It’s hard to access any news source these days without reading about Edward Snowden, the former CIA employee and more recently National Security Agency (NSA) contractor who disclosed details of classified spying programs. The debates raging around him primarily have to do with individual and political judgments, but there’s another side to it that deserves attention.
In fact, this story should be required reading for every IT security executive—applied to a corporate context, such actions can devastate a brand, even take out entire companies. That’s because Snowden makes for a fascinating, even troubling, case study in information access, and the fallout that can emanate when such access is in the wrong hands.
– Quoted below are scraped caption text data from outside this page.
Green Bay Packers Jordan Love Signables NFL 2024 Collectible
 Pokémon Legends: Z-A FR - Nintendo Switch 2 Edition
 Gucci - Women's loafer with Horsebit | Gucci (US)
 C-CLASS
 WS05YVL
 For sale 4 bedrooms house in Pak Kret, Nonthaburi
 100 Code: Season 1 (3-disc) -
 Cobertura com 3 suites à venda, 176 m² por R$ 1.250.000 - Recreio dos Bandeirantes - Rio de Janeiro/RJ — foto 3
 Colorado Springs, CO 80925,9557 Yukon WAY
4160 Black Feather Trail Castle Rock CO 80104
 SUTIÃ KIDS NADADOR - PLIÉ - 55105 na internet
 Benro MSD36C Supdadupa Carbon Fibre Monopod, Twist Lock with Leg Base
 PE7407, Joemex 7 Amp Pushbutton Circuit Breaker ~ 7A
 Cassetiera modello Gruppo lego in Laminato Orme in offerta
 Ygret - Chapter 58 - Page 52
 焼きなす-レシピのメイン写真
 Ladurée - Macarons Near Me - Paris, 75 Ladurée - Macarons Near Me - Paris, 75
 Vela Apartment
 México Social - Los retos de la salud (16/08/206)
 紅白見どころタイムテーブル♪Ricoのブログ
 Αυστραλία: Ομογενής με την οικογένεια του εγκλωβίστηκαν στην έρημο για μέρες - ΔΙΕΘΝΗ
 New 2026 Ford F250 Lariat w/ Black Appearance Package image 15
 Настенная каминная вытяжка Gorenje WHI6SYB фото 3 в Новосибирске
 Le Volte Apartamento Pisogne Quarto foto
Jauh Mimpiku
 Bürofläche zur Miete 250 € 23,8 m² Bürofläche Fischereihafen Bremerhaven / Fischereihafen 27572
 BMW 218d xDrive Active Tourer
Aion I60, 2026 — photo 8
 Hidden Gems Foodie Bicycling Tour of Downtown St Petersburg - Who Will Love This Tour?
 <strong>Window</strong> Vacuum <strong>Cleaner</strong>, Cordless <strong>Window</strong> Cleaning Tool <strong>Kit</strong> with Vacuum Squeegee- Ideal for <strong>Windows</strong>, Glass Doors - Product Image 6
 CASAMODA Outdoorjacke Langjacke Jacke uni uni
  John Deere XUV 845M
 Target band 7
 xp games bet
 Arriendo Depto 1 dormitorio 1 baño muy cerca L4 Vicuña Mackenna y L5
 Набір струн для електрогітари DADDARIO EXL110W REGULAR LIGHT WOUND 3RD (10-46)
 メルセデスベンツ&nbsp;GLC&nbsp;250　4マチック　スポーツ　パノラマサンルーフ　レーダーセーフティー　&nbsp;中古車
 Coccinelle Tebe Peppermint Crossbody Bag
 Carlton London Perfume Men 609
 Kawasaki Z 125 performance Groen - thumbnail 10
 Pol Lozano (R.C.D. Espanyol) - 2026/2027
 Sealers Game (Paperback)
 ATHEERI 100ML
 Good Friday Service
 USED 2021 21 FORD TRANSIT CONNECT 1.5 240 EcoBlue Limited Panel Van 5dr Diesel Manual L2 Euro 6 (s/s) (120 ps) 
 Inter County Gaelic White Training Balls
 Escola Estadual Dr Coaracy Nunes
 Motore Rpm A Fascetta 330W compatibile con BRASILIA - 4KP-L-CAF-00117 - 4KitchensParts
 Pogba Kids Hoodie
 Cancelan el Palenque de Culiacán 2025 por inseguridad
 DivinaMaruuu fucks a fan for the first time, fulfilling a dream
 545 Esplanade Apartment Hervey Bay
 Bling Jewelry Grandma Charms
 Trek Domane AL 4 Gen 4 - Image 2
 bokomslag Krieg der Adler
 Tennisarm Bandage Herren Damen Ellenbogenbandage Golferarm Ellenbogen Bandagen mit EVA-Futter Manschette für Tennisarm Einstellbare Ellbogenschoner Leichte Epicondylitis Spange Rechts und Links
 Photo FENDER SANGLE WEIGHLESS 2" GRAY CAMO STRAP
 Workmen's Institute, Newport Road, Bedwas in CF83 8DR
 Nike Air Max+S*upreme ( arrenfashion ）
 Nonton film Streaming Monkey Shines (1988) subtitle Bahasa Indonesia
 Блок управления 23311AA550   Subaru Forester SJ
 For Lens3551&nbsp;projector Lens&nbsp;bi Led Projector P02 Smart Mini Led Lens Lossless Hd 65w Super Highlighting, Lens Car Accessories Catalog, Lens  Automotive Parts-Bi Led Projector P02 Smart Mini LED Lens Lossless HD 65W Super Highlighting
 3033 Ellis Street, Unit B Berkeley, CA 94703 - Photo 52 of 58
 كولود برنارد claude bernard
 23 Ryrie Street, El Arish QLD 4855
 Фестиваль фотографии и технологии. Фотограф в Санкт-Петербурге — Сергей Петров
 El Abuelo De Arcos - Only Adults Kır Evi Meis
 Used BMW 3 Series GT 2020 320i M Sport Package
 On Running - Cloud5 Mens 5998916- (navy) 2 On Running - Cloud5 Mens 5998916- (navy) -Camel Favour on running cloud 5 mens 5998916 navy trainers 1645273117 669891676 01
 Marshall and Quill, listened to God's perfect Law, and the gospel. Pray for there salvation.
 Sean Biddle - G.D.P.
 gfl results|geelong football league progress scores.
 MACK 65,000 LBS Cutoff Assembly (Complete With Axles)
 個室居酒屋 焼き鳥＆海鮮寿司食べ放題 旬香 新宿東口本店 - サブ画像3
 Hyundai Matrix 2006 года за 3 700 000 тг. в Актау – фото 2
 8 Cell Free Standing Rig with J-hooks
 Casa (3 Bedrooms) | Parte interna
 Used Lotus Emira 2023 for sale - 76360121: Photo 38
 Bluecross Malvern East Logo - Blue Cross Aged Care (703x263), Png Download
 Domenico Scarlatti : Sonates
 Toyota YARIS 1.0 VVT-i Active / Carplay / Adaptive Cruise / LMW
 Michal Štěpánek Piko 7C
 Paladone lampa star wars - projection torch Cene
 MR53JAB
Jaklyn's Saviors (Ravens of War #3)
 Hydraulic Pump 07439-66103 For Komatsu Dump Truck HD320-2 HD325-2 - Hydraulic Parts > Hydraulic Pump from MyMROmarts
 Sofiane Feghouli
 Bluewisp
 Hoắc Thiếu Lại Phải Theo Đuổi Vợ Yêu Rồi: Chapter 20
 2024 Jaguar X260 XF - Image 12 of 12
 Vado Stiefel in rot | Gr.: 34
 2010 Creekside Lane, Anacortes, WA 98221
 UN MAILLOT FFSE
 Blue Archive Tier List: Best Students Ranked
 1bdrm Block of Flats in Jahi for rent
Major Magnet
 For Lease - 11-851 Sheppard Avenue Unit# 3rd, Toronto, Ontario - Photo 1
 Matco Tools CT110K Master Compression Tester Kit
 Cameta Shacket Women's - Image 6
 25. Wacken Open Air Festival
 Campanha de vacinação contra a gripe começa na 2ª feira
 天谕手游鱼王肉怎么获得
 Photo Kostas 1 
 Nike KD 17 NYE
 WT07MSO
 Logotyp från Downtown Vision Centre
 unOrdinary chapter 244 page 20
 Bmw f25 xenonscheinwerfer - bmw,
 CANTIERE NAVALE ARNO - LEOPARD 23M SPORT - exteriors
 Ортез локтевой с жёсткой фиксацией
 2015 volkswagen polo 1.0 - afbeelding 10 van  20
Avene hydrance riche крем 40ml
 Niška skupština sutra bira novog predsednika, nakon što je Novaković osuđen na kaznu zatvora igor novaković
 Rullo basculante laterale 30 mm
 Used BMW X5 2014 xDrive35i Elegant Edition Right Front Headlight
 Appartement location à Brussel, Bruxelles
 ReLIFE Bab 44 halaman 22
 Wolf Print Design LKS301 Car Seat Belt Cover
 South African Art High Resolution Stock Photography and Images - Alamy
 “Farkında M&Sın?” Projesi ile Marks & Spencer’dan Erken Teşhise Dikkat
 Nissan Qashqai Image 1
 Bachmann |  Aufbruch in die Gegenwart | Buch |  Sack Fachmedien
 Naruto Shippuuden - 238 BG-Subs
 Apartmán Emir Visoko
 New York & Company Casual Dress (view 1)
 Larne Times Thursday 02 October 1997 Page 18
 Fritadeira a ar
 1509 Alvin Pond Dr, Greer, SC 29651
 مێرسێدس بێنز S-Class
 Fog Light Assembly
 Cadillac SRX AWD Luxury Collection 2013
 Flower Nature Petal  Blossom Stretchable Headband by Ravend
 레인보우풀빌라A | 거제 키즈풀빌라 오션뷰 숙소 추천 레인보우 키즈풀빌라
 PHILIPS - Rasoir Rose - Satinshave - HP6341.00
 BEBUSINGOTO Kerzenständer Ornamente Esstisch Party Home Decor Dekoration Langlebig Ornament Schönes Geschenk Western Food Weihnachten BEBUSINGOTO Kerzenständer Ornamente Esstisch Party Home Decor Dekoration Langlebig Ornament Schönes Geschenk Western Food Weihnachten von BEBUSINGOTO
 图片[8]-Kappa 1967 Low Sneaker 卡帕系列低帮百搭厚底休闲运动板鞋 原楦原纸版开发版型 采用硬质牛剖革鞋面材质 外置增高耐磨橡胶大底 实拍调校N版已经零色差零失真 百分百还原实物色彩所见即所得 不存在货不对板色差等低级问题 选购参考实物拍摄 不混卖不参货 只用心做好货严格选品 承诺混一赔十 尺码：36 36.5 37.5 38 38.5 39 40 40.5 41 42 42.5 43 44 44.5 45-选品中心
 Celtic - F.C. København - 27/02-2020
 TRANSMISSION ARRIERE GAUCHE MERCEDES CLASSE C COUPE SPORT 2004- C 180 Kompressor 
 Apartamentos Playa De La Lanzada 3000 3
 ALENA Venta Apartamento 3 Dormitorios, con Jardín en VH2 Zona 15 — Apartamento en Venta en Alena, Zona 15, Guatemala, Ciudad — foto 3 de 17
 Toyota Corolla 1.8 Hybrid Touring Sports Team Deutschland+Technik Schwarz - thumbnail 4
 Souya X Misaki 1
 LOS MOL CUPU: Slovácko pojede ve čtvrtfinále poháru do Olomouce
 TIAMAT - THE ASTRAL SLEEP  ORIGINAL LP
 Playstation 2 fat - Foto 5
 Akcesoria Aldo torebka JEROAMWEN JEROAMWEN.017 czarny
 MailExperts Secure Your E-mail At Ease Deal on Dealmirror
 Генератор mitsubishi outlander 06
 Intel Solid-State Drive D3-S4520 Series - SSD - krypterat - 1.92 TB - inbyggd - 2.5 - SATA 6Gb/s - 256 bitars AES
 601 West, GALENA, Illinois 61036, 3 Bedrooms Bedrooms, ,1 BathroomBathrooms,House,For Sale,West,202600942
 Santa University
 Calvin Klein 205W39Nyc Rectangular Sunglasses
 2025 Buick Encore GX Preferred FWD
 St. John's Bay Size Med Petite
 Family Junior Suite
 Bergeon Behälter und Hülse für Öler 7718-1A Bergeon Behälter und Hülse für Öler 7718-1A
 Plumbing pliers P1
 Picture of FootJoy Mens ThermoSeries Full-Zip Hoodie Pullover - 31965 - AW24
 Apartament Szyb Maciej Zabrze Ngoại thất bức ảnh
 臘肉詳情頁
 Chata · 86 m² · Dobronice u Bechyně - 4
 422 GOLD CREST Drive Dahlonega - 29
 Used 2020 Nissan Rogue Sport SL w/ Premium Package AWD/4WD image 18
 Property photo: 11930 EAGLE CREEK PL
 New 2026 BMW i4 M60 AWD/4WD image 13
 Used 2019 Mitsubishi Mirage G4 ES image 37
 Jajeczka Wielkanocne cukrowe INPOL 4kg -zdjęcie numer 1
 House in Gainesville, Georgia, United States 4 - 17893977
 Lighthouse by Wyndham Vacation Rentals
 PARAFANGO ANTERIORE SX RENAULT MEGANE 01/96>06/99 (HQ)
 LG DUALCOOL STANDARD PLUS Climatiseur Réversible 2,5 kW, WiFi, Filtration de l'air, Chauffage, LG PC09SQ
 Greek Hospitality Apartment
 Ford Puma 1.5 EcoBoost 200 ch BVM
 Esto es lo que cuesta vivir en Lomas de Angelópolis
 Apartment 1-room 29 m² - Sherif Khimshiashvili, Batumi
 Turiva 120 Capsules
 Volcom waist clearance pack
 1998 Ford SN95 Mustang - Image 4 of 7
While there has been considerable speculation about Snowden’s seniority and salary, the reality is that he was a relatively low-level functionary who was not even employed by the NSA at the time of his disclosure. He had previously been a systems engineer and a systems administrator. At the time of the breach, he was officially a technical assistant (there continues to be some debate over his actual title) with consulting firm Booz Allen Hamilton, which does business extensively with government agencies, and was assigned to the NSA account as an infrastructure analyst. In fact, he had been with Booz for only three months when he made the disclosures (and was promptly terminated).
So what kind of access did this new employee and low-level contractor have to highly classified information and resources? By his own account, it was just about unlimited.
“When you’re in positions of privileged access, like a systems administrator, you’re exposed to a lot more information on a broader scale than the average employee,” he said in an interview. “Anybody in positions of access with the technical capabilities that I had could suck out secrets and pass them on the open market. . .I had access to the full rosters of everyone working at the NSA, the entire intelligence community and undercover assets all around the world.” In a final bit of braggadocio, he claims that he could have “shut down the surveillance system in an afternoon.”
It all has to with what he calls his “authorities,” or the levels of access granted to specific individuals. This is where it becomes mandatory awareness for the business world.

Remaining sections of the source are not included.